Dairemizce verilen 08/11/2017 tarihli, 2016/543 esas ve 2017/6938 karar sayılı ilamda; ”… L Tipi Kapalı Ceza İnfaz Kurumu Müdürlüğünün 30/09/2015 tarihli yazısı ile … 1.Ağır Ceza Mahkemesinin 2014/413 D.İş esas, 2014/413 D.İş karar sayılı ilamı ile davalı …’in 534 gün hapis cezası ile hükümlü olduğu ve yasal kısıtlılık altına girdiği anlaşılmaktadır. Bu nedenle adı geçen davalıya Türk Medeni Kanunu’nun 407. maddesi uyarınca bir vasi tayin edilip edilmediği araştırılmalıdır. Şayet bu işlemler yapılmamışsa öncelikle yasal kısıtlıya bir vasi atanması sağlanmalı ve mahkeme kararı vasiye; “Kanuni süre içinde mahkeme hükmünü ayrıca temyiz edebileceği, bu süre içinde temyiz hakkını kullanmadığı takdirde kısıtlı tarafından yapılmış olan temyize icazet vermiş (kabul etmiş) sayılacağı, temyizi kabul etmiyorsa bunu açıkça bildirmesi gerektiği” kaydını içerir biçimde tebligat çıkarılmalı ve sonucuna göre işlem yapılmalıdır” şeklinde gerekçe ile geri çevirme kararı verilmiştir.

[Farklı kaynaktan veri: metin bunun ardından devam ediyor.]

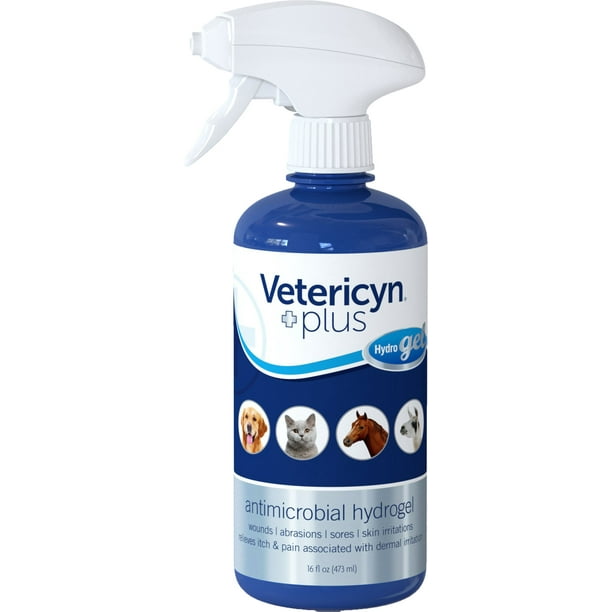 VETERICYN HYDROGEL SPRAY 6 16OZ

Buna karşın mahkemece, davalı … Vasisine yapılan gerekçeli karar ve temyiz başvuru dilekçesi tebliği, Tebligat Kanunu’na aykırı şekilde muhatabın doğrudan mernis adresine, Kanunun 21/2.maddesine göre yapılmış ve geri çevirmenin gereği tam olarak yerine getirilmemiştir.
Tebligat Kanunu’nun 10/1-2 maddeleri “Tebligat, tebliğ yapılacak şahsa, bilinen en son adresinde yapılır. Bilinen en son adresin tebligata elverişli olmadığının anlaşılması veya tebligat yapılamaması halinde muhatabın adres kayıt sisteminde bulunan adresi, bilinen son adresi olarak kabul edilir ve tebligat buraya yapılır.” hükümlerini içermektedir. Aynı Kanunun 21. maddesinde ise muhatabın adresinde bulunmaması halinde yapılacak işlemler ve bu kapsamda 21/1 maddesinde muhatabın adresten geçici olarak ayrılmış olması halinde tebligat usulü, 21/2 maddesinde ise mernis adresine tebligat usulü düzenlenmiştir.
Şu hâlde; mahkemece bu yasal düzenlemeler kapsamında tebligatın öncelikle bilinen en son adrese çıkartılması, bu adreste yapılamayarak iade edilmesi halinde ise mernis adresine çıkartılması gerekmektedir. mahkemece yargılamanın uzamasına sebebiyet verilmeksizin hâkim denetim ve gözetimi altında eksikliğin giderilmesi için dosyanın ikinci kez geri çevrilmesi gerekmiştir.
SONUÇ: Yukarıda açıklanan şekilde işlem yapılıp, eksiklikler tamamlandıktan sonra temyiz incelemesi yapılmak üzere Yargıtay’a yeniden gönderilmesi için, dosyanın yerel mahkemesine GERİ ÇEVRİLMESİNE 09/10/2018 gününde oy birliğiyle karar verildi.